◆ WORK ITEM ◆
Could you copy exactly the lines from the one containing "Blue Multicolor Geometric" through the last line of the records below, leaving out any pictures?

===

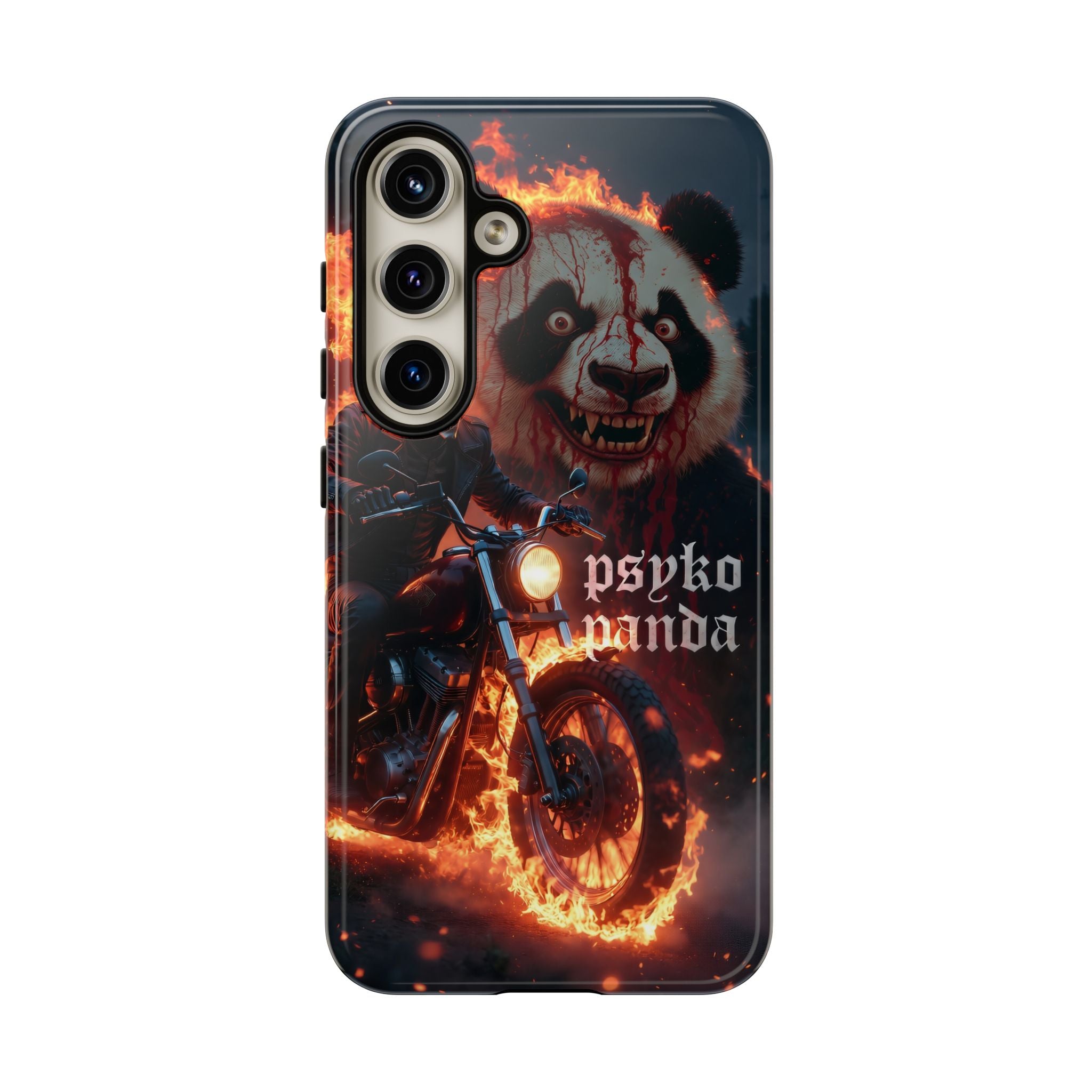 Psyko Panda Flaming Motorcycle Phone Case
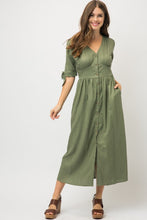 Load image into Gallery viewer, Linen Button Down Tie Sleeve Dress
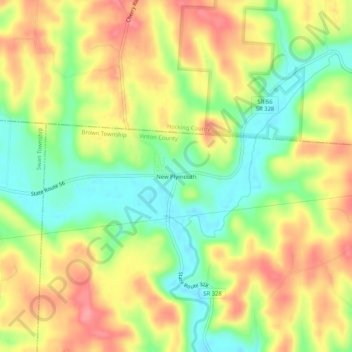 Mappa topografica New Plymouth, altitudine, rilievo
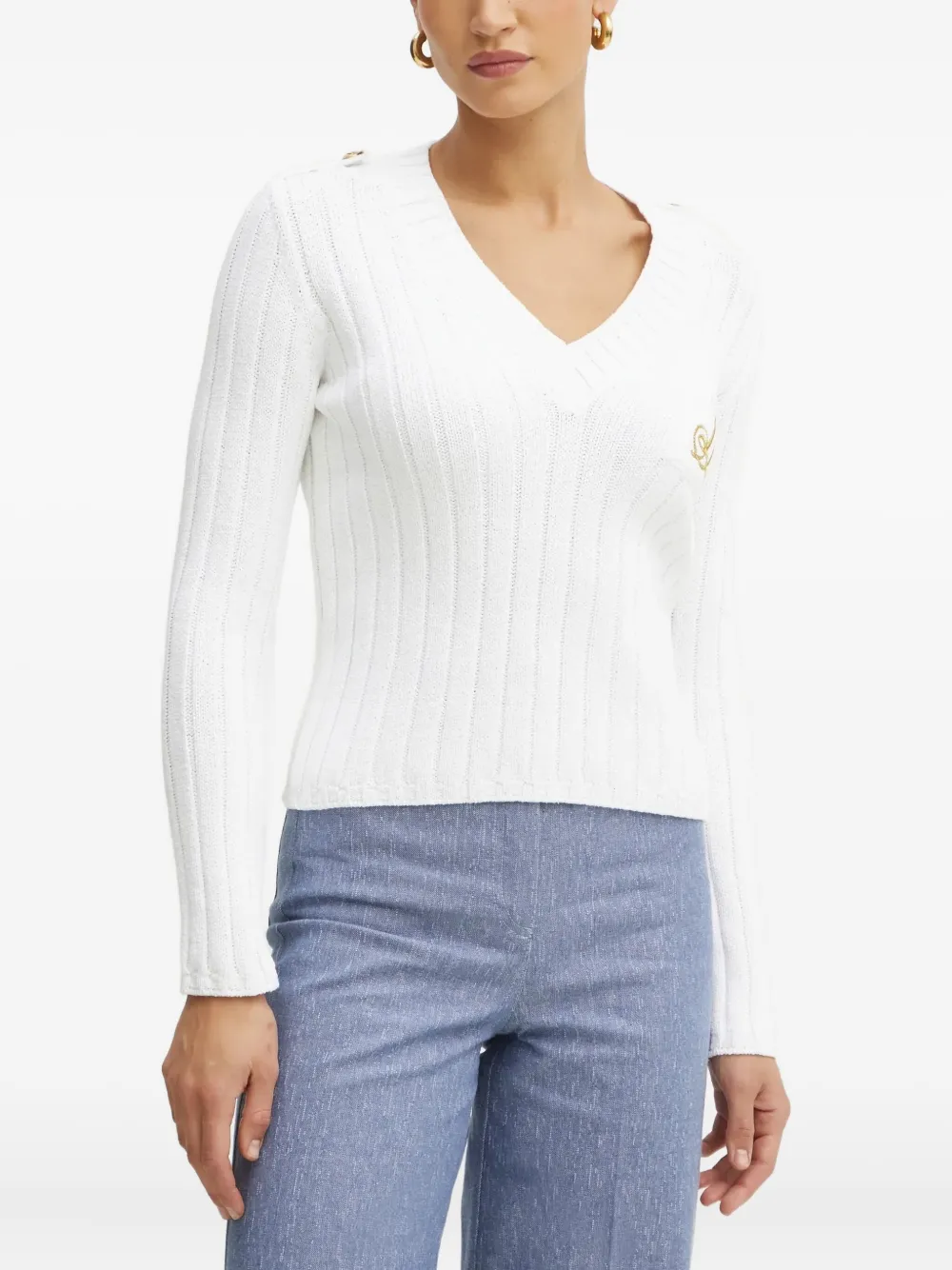 LUISA SPAGNOLI ribbed V-neck sweater | White | Image 1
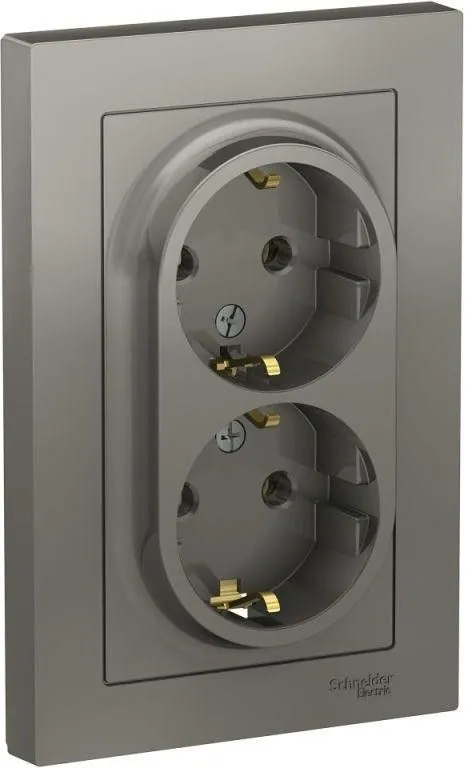 Розетка 2-м СП AtlasDesign 16А IP20 с заземл. в сборе сталь SE ATN000924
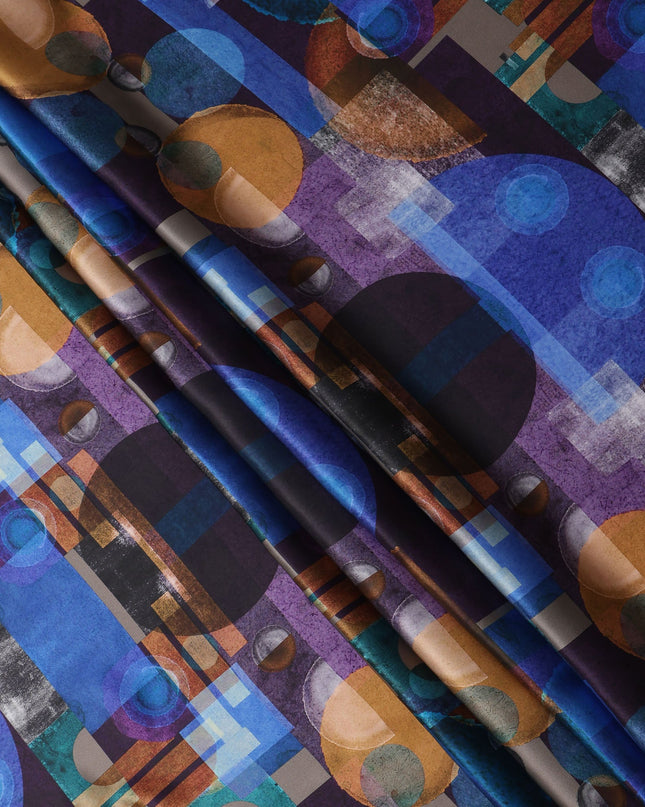 Blue Multicolor Geometric Print Premium Pure Silk Satin Fabric, 110 Cms Width, Made in South Korea-D25947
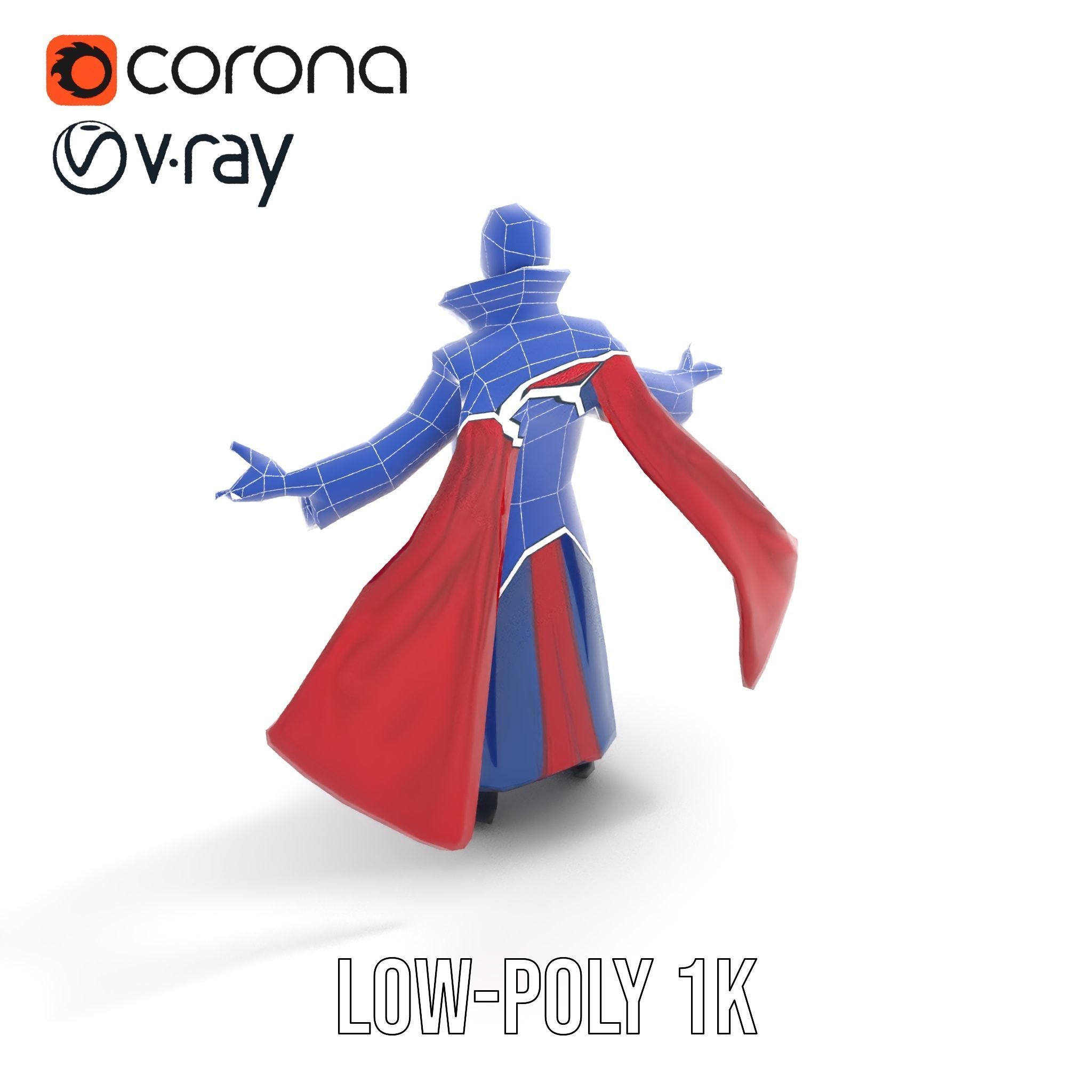 Mystic Sorcerer Rigged and Animated D Character Model Low-poly 3D model_31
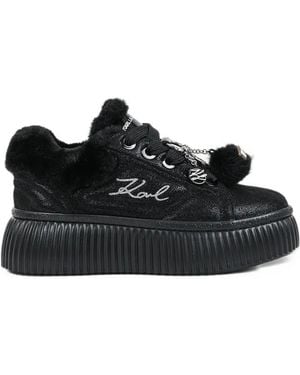 KARL LAGERFELD Faux-Fur Trim Charm-Embellished Trainers - Black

===

◆ PROBLEM SOLUTION ◆
 Blue Multicolor Geometric Print Premium Pure Silk Satin Fabric, 110 Cms Width, Made in South Korea-D25947
 Mystic Sorcerer Rigged and Animated D Character Model Low-poly 3D model_31
 KARL LAGERFELD Faux-Fur Trim Charm-Embellished Trainers - Black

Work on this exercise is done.